Copy out the lines beginning with the one that contains "vhs – express en peril (1995)" and ending with the last line below, exactly as they stand. Pictures are not copied.

- [Stored data]
Segment Open

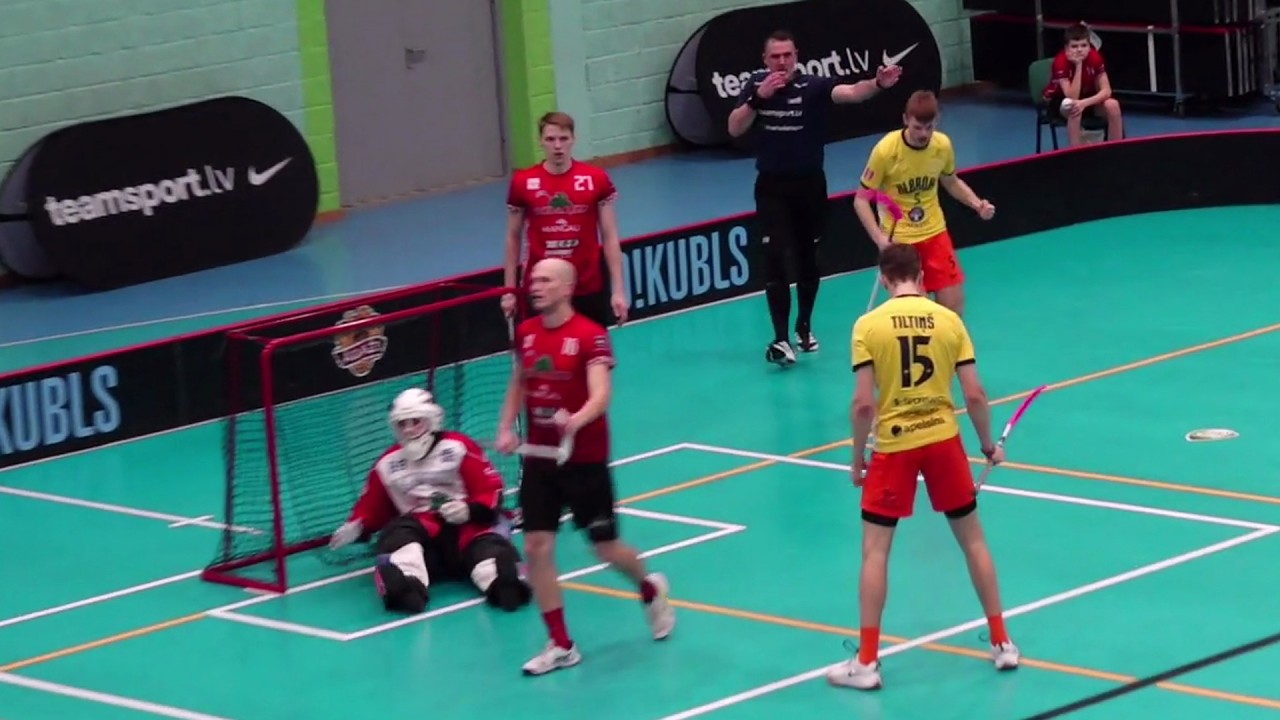 🎬 Highlights: Lielvārde/Unihoc - Masters Ulbroka/LU (1/4 F, 3. spēle) (28.02.2026)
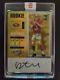 2017 Contenders Optic Gold Rookie Ticket 5/10 Auto Cj Beathard 49ers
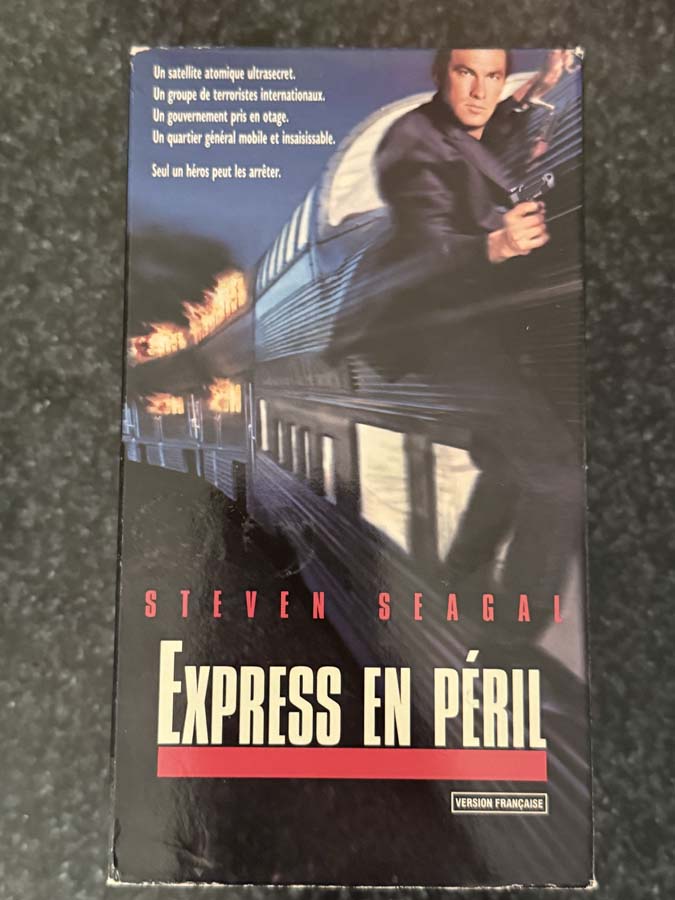 vhs – express en peril (1995)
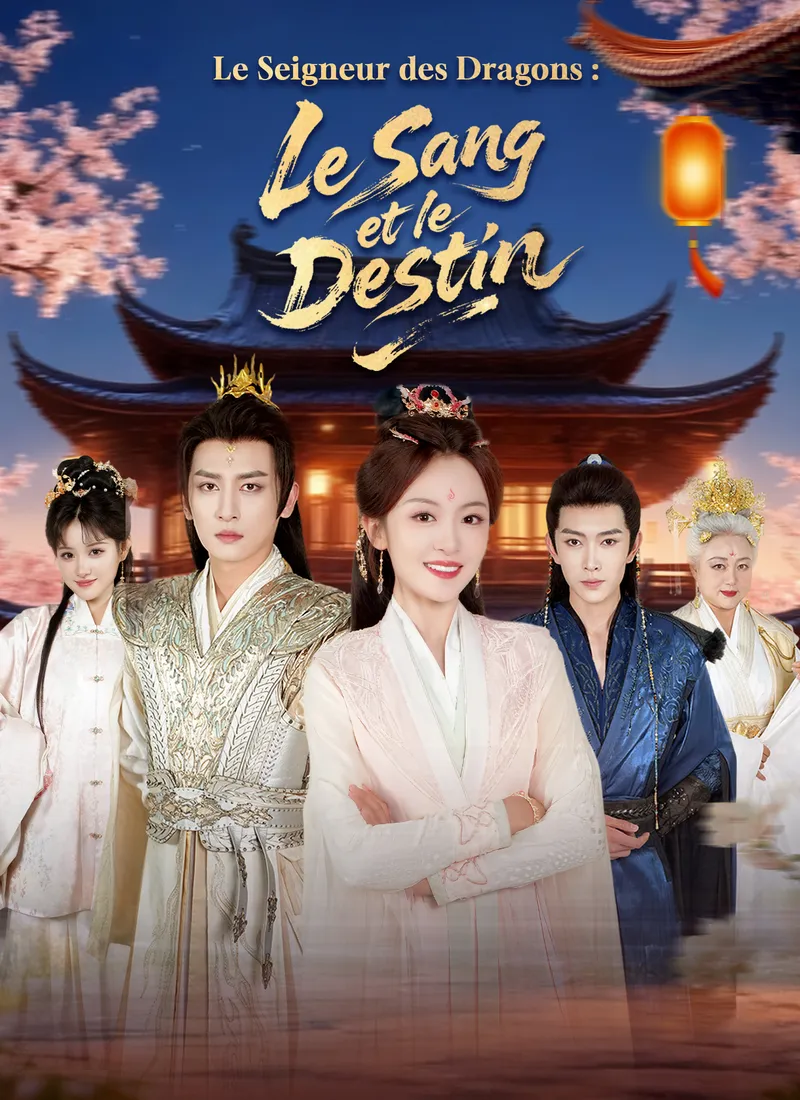 Couverture de Le Seigneur des Dragons : Le Sang et le Destin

Segment Closed

- [Problem solution]
 vhs – express en peril (1995)
 Couverture de Le Seigneur des Dragons : Le Sang et le Destin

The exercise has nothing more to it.